— Data excerpts —
───

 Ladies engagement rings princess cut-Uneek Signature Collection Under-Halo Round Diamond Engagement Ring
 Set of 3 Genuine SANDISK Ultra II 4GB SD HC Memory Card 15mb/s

───

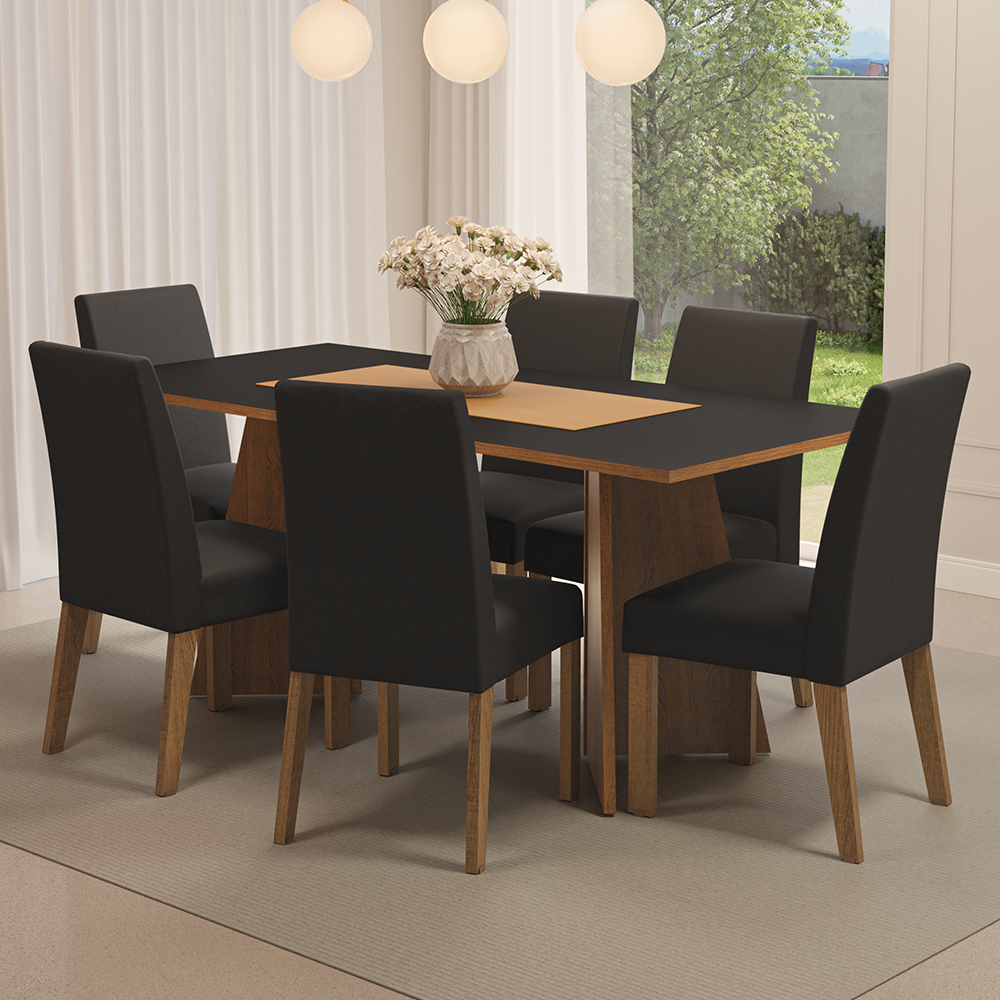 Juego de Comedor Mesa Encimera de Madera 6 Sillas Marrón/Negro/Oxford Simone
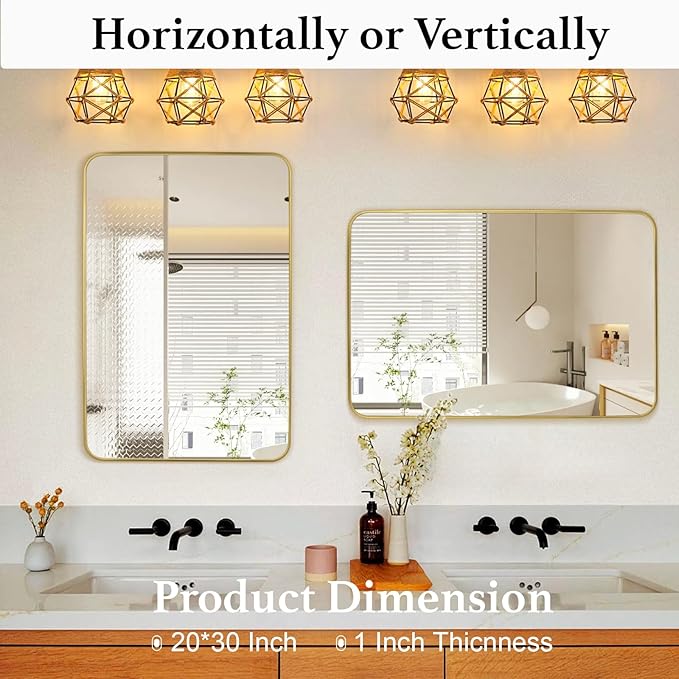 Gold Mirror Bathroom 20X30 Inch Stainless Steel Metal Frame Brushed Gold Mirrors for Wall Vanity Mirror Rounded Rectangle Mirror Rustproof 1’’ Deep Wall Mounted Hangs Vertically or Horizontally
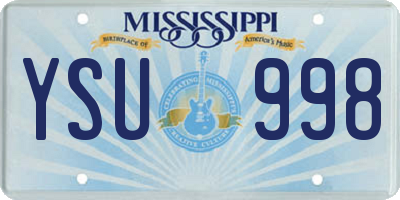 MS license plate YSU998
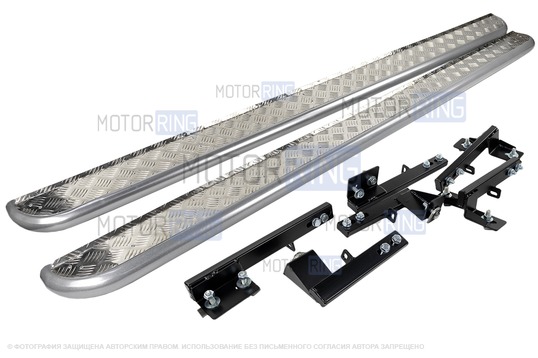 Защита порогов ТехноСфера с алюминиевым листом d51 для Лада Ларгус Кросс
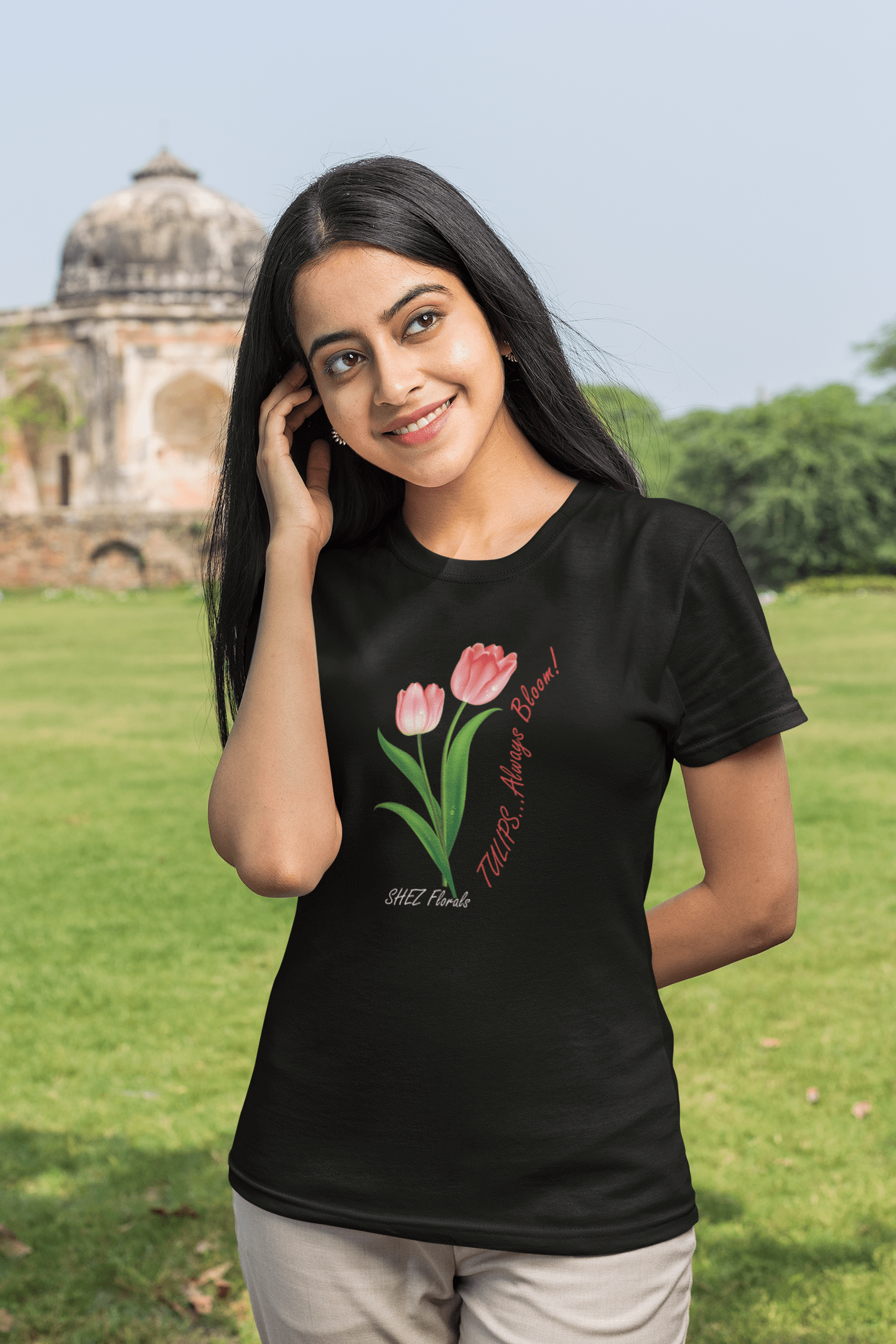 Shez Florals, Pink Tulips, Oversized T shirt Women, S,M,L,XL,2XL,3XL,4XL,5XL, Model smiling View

───

— Task brief —
Please make an exact copy of the lines above from the line with "Ladies engagement rings" through the line with "Set of 3 Genuine", both ends included.

— Completed task —
 Ladies engagement rings princess cut-Uneek Signature Collection Under-Halo Round Diamond Engagement Ring
 Set of 3 Genuine SANDISK Ultra II 4GB SD HC Memory Card 15mb/s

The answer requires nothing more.